On the hypothesis of an inverted Z-gradient inside Jupiter

Models of Jupiter s interior struggle to agree with measurements of the atmospheric composition. Interior models favour a subsolar or solar abundance of heavy elements Z while atmospheric measurements suggest a supersolar abundance. One potential solution may be the presence of an inverted Z-gradient, namely an inward decrease of Z, which implies a larger heavy element abundance in the atmosphere than in the outer envelope. We investigate two scenarios in which the inverted Z gradient is located either where helium rain occurs (Mbar level) or at upper levels (kbar level) where a radiative region could exist. We aim to assess how plausible these scenarios are. We calculate interior and evolution models of Jupiter with such inverted Z-gradient and use constraints on the stability and the formation of an inverted Z-gradient.

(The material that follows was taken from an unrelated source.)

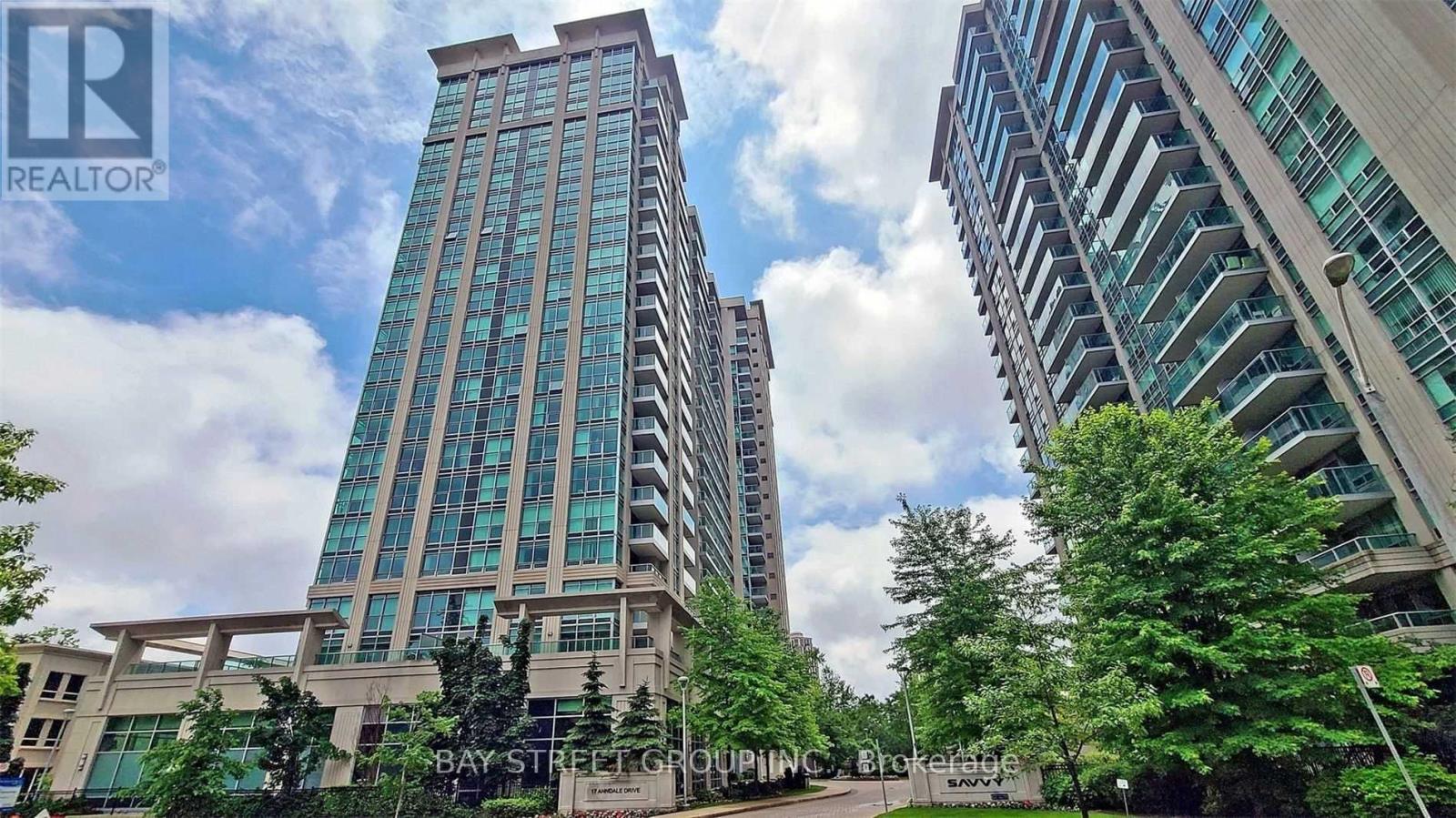 Photo of 17 Anndale Drive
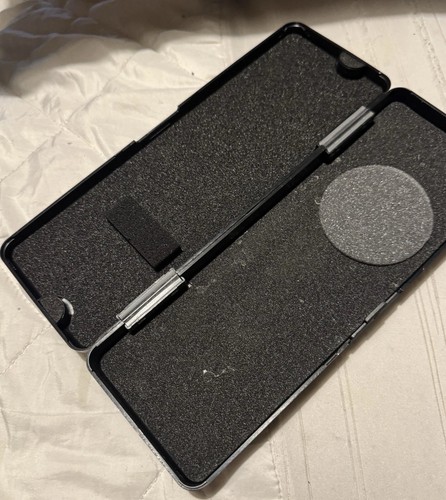 3pcs bundle large air rifle - bundle,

We find that an inverted Z-gradient at the location of helium rain cannot work as it requires a late accretion and of too much material. We find interior models with an inverted Z-gradient at upper levels, due to a radiative zone preventing downward mixing, that could satisfy the present gravity field of the planet. However, our evolution models suggest that this second scenario might not be in place. An inverted Z-gradient in Jupiter could be stable. Yet, its presence either at the Mbar level or kbar level is rather unlikely.